*PROBLEM STATEMENT*. Say how many lines in the entries below have the word "bands" in them, giving only the number.

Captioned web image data
————
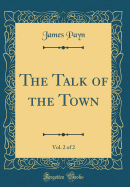 The Talk of the Town, Vol. 2 of 2 (Classic Reprint)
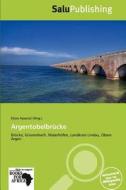 Argentobelbrücke edito da Betascript Publishing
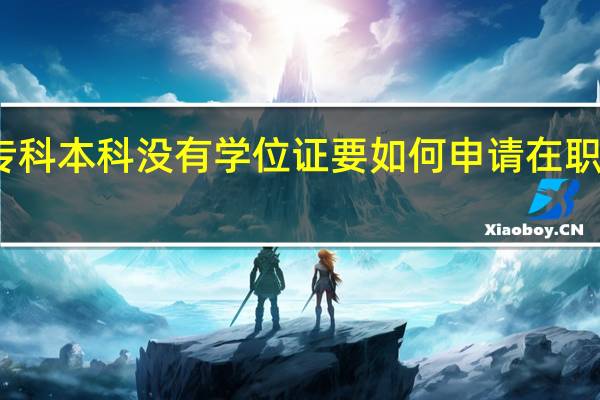 专科本科没有学位证要如何申请在职研究生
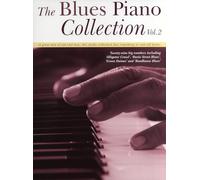 The blues piano collection - volume 2 piano: a great mix of old and new (The blues piano collection, 2)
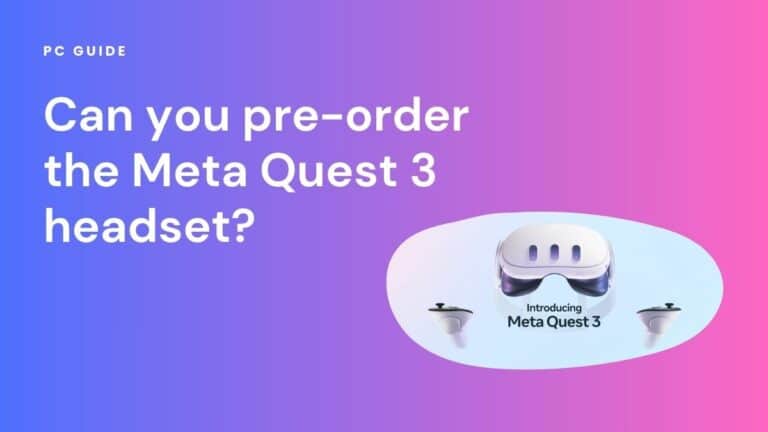 Can you pre-order the Meta Quest 3 headset? Image shows the text "Can you pre-order the Meta Quest 3 headset?" next to the Quest 3 device, on a purple pink gradient background.
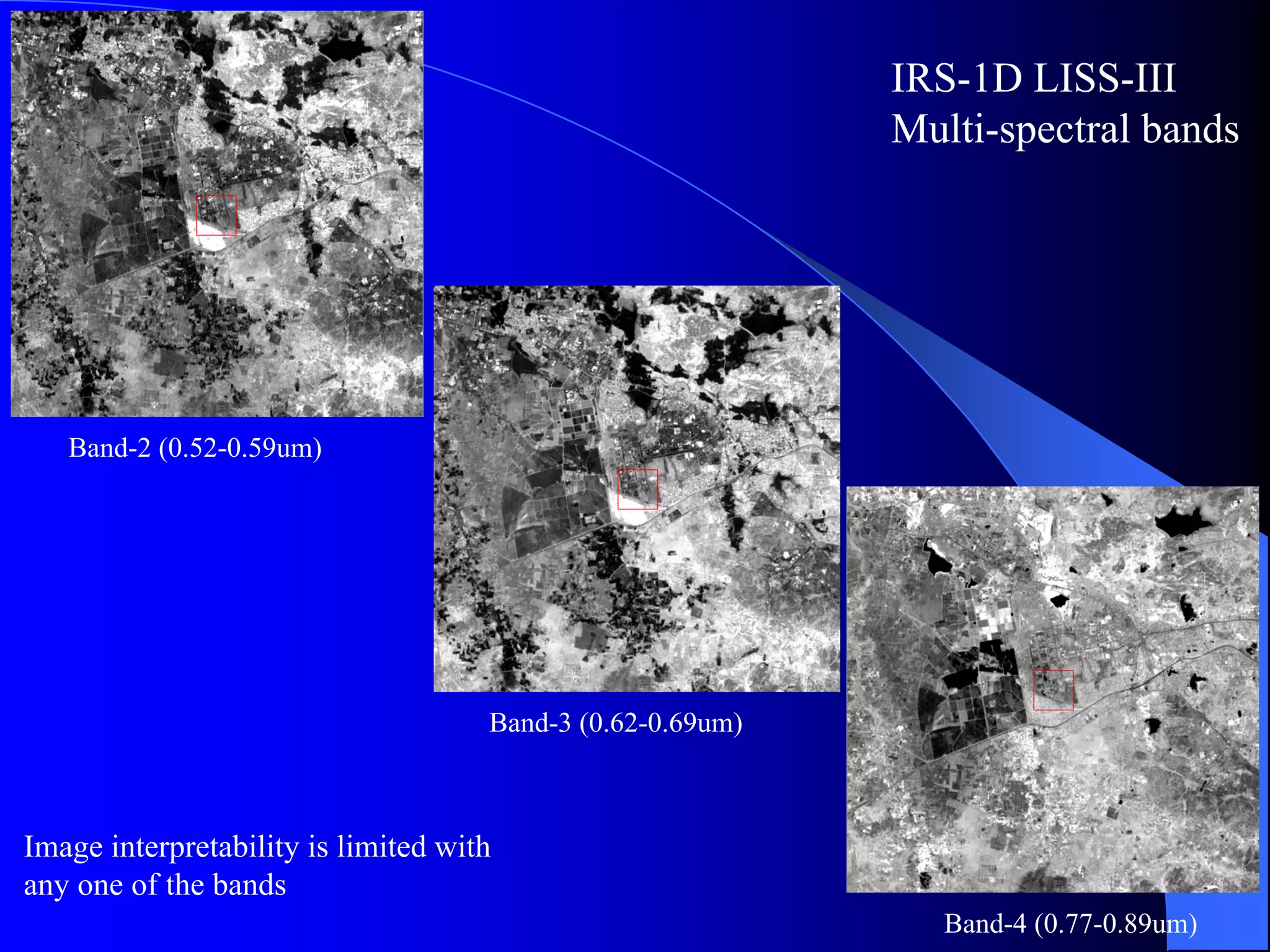 IRS-1D LISS-III
                                                            Multi-spectral bands




   Band-2 (0.52-0.59um)




                                     Band-3 (0.62-0.69um)



Image interpretability is limited with
any one of the bands
                                                               Band-4 (0.77-0.89um)
 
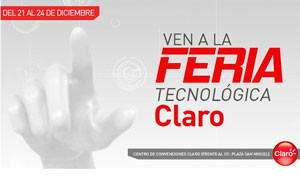 Hoy es el cierre de la I Feria Tecnológica de Claro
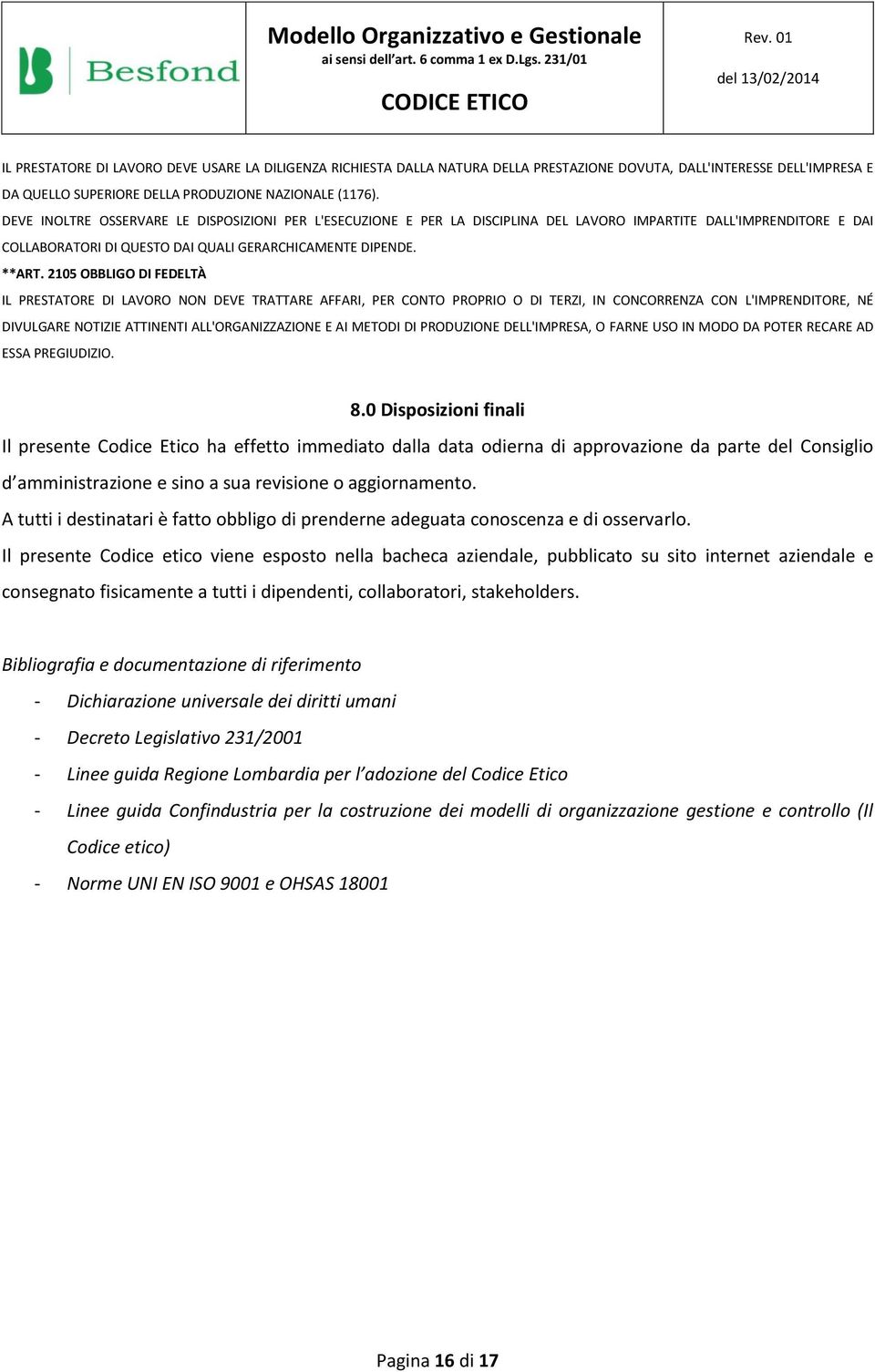 2105 OBBLIGO DI FEDELTÀ IL PRESTATORE DI LAVORO NON DEVE TRATTARE AFFARI, PER CONTO PROPRIO O DI TERZI, IN CONCORRENZA CON L'IMPRENDITORE, NÉ DIVULGARE NOTIZIE ATTINENTI ALL'ORGANIZZAZIONE E AI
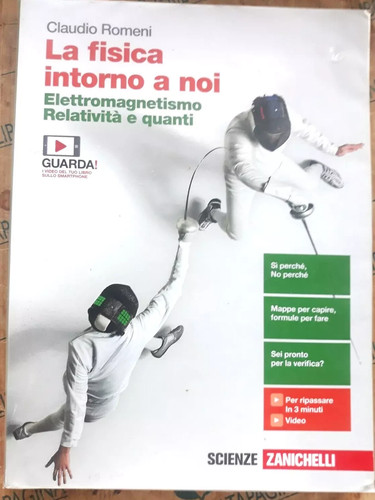 Fisica intorno noi - fisica,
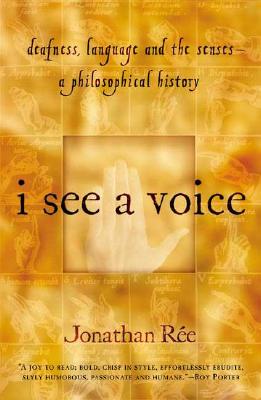 Image for I See a Voice: Deafness, Language and the Senses--A Philosophical History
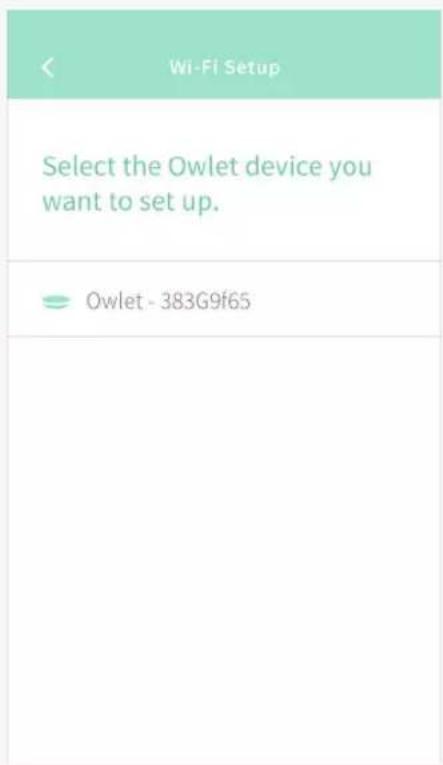 Wi-Fi Setup Select the Owlet device you want to set up. Owlet - 383G9f65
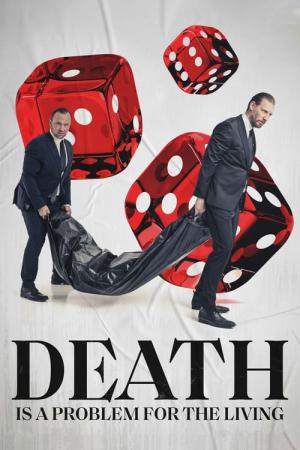 Death Is a Problem for the Living (2023)
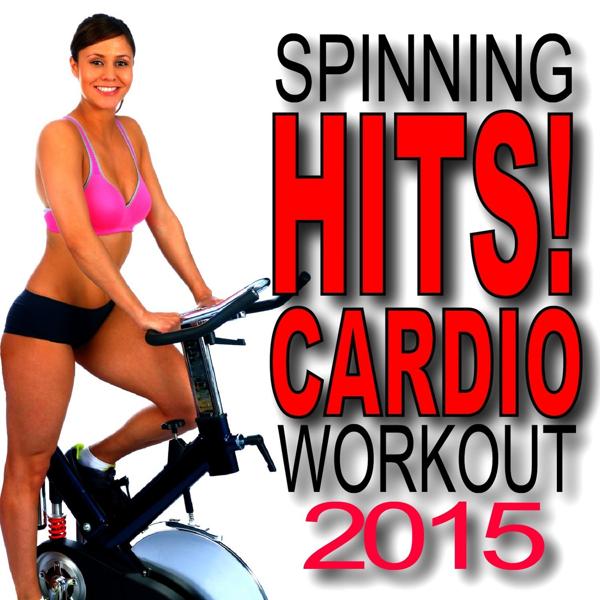 Spinning Hits! Cardio Workout 2015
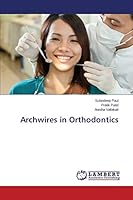 Archwires in Orthodontics 3659797839 Book Cover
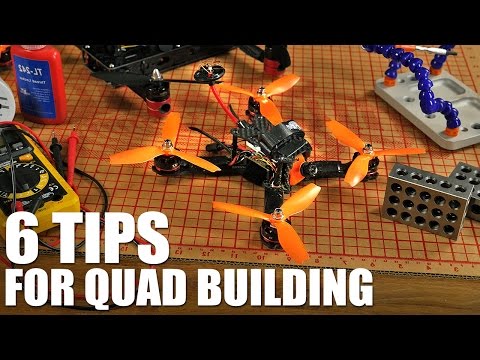 6 Tips for Quad Building | Flite Test - UC9zTuyWffK9ckEz1216noAw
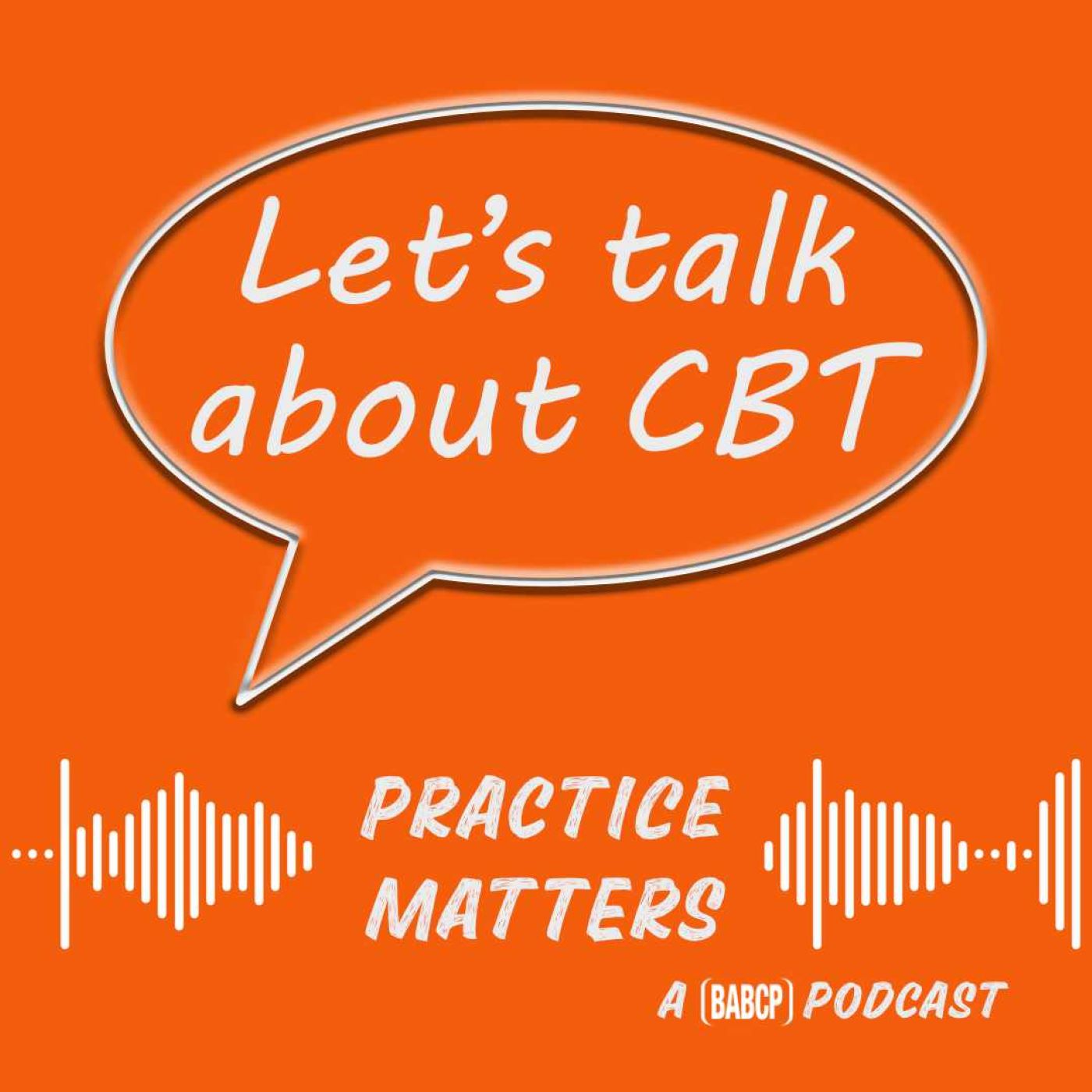 Let\'s Talk about CBT- Practice Matters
————
*EXERCISE OUTPUT*. 2